The most obvious reason for failure is left till last. Management involvement is something of a catch-all answer and often incorporates many of the other reasons on this list. A list like the one we have just outlined serves as a warning to managers that things can go wrong, even after they have seemingly taken all the right precautionary steps.

Our previous article on due diligence is an excellent place for any manager looking to maximize their chances of a successful transaction and avoiding these pitfalls. Empower collaboration, efficiency, and accountability. See all workflows. Already have an idea who will pay more for a company? Nine times out of ten, a strategic buyer will pay more than a financial buyer. Also, the new company should have a clear picture of how it can create significant change for sustainable business growth.

As a result, the strategic buyer incorporates in his valuation of the company the post-acquisition cash flows, which he hopes will be higher than are currently expected to be, thus ending up valuing the company higher. Such a buyer will typically assume faster revenue growth and reduction of certain costs because the acquiring company will be able to derive the strategic efficiencies from the acquired company.

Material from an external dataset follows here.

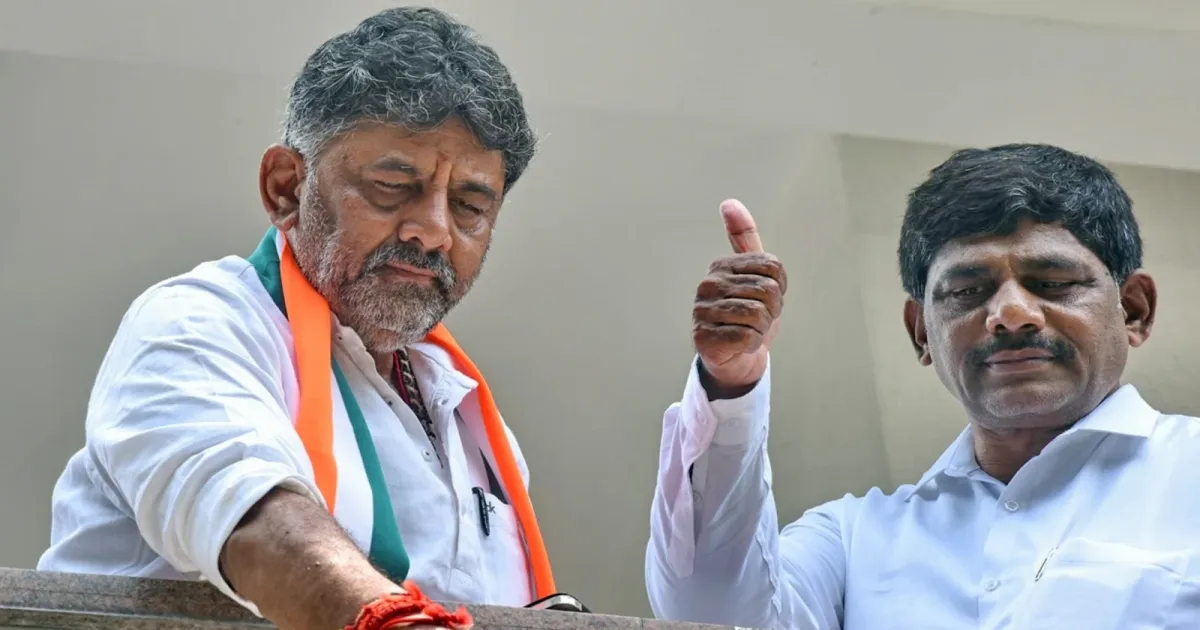 No Rush for CM Post: Shivakumar’s Brother Suresh Quashes Speculation!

In contrast to this, a financial buyer will not pay attention to the possible synergies while valuing the company. Identification of the potential target To determine whether a company can be a suitable acquisition target, the acquirer will consider the strategic aspects from 5 different motives. Transaction gap relates to the fact that most mistakes are made before the deal is closed.

Transition gap, on the other hand, relates to the fact that most mistakes are committed after the deal is closed. The business risk to the newly merged entity is particularly high at the beginning of its life.